▶ **THE INPUT**:
--
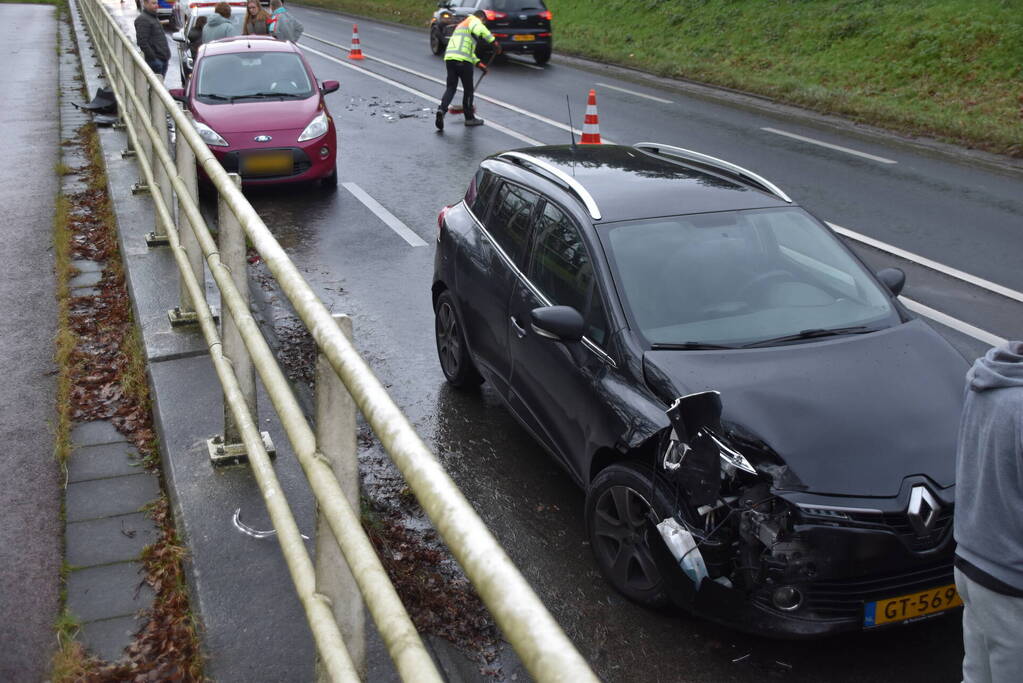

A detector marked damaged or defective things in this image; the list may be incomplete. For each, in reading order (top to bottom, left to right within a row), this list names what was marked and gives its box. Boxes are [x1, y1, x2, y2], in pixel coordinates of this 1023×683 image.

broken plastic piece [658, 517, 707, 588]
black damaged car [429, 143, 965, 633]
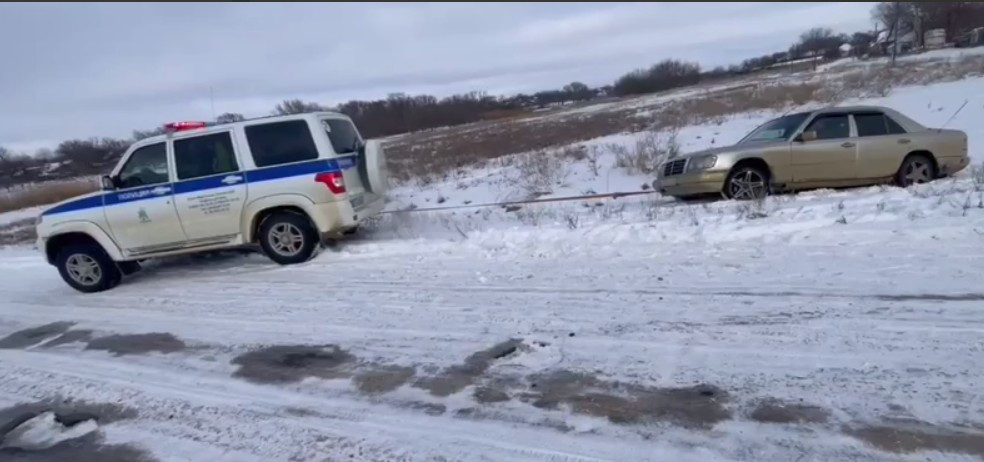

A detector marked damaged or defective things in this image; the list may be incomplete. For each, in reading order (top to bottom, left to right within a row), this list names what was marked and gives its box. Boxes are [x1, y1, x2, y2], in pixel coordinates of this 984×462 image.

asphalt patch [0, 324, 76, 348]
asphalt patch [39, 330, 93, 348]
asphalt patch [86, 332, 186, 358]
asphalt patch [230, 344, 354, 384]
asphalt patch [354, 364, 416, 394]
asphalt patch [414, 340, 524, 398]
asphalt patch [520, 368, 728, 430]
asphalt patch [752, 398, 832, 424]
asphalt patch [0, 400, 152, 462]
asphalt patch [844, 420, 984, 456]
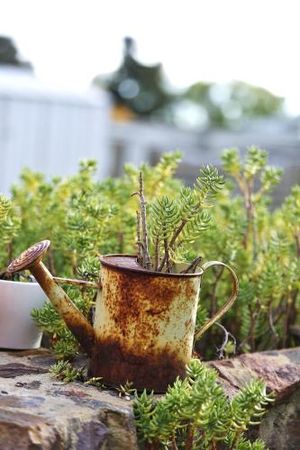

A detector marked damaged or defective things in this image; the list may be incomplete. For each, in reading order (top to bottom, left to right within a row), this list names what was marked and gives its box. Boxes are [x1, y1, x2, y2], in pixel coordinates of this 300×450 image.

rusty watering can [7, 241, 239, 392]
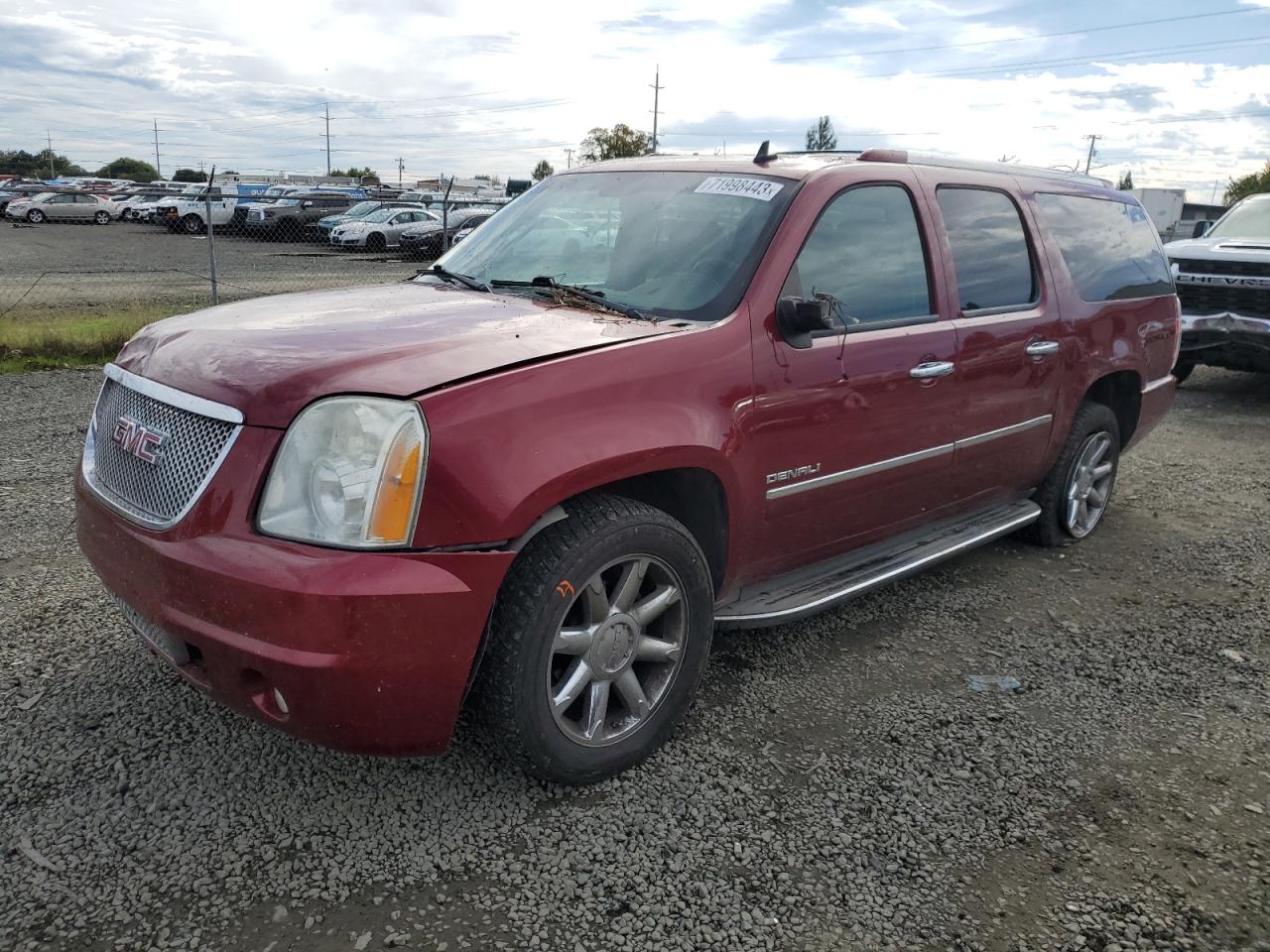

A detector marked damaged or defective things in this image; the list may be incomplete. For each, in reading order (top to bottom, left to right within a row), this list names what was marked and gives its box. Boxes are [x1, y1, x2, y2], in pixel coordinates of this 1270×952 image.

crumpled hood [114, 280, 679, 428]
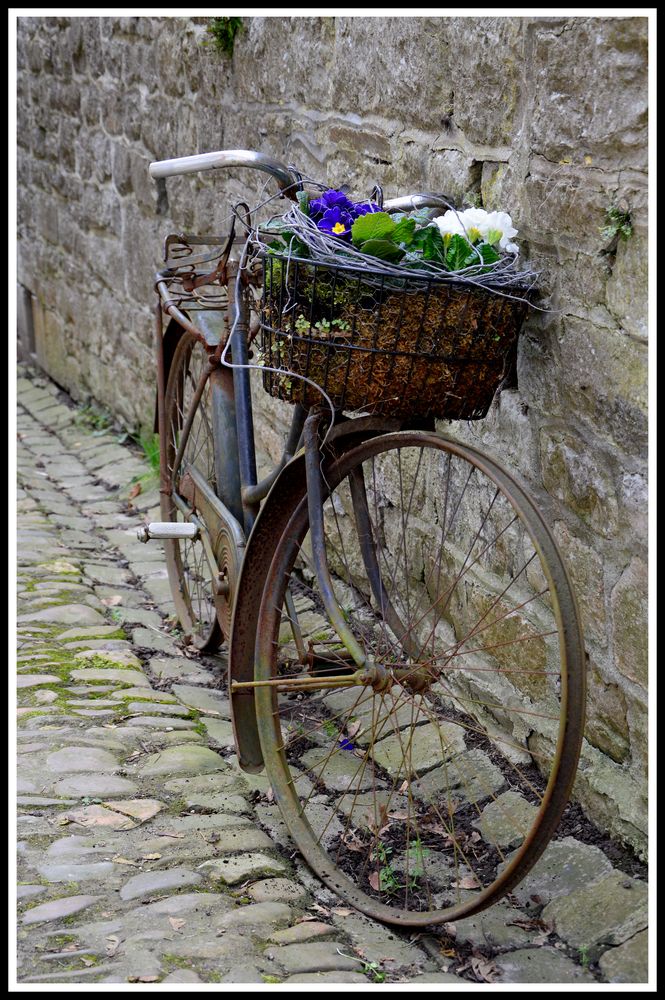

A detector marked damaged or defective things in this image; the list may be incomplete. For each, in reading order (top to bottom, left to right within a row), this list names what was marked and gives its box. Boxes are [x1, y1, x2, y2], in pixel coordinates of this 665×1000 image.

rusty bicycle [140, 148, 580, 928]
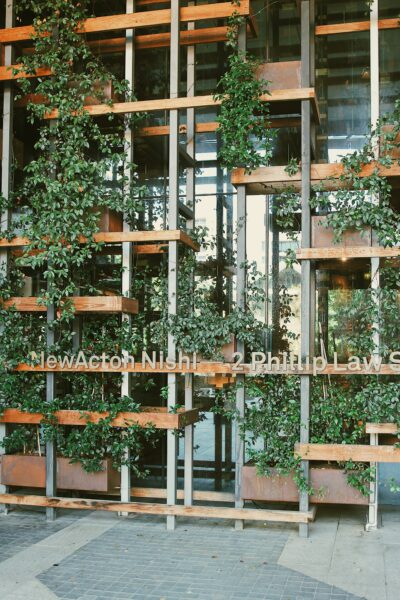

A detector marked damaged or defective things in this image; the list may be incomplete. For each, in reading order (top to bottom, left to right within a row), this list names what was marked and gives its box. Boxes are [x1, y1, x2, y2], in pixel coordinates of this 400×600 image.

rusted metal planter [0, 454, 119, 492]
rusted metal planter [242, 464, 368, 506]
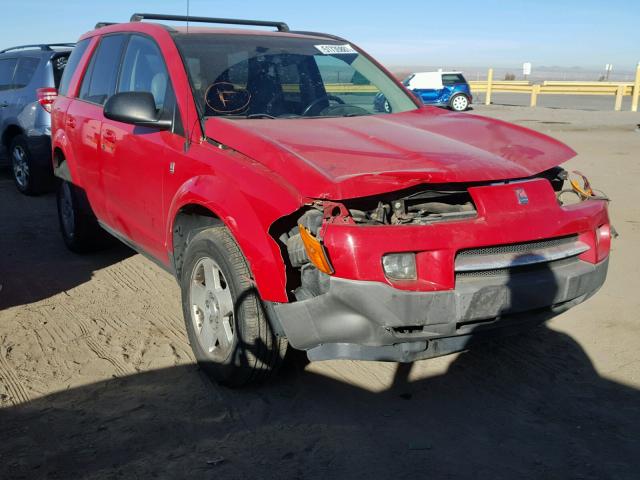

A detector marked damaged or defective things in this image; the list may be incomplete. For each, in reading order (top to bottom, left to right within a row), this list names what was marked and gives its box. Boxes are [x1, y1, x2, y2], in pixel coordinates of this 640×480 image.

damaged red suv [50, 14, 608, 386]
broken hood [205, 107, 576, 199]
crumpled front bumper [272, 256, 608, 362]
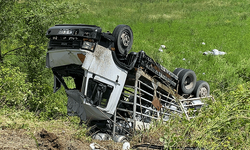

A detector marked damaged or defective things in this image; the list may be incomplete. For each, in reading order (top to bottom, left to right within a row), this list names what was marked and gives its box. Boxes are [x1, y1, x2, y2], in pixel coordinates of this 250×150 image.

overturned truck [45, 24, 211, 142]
--
Copy exactly the lines from the one with "this 250×150 image." down to the last line of the records above, and leave out everything else.

A detector marked damaged or defective things in this image; the list may be incomplete. For each, in reading order (top to bottom, left to right within a row), this list names what was marked and gives its box. Boxes are [x1, y1, x2, y2], in pixel coordinates of this 250×150 image.

overturned truck [45, 24, 211, 142]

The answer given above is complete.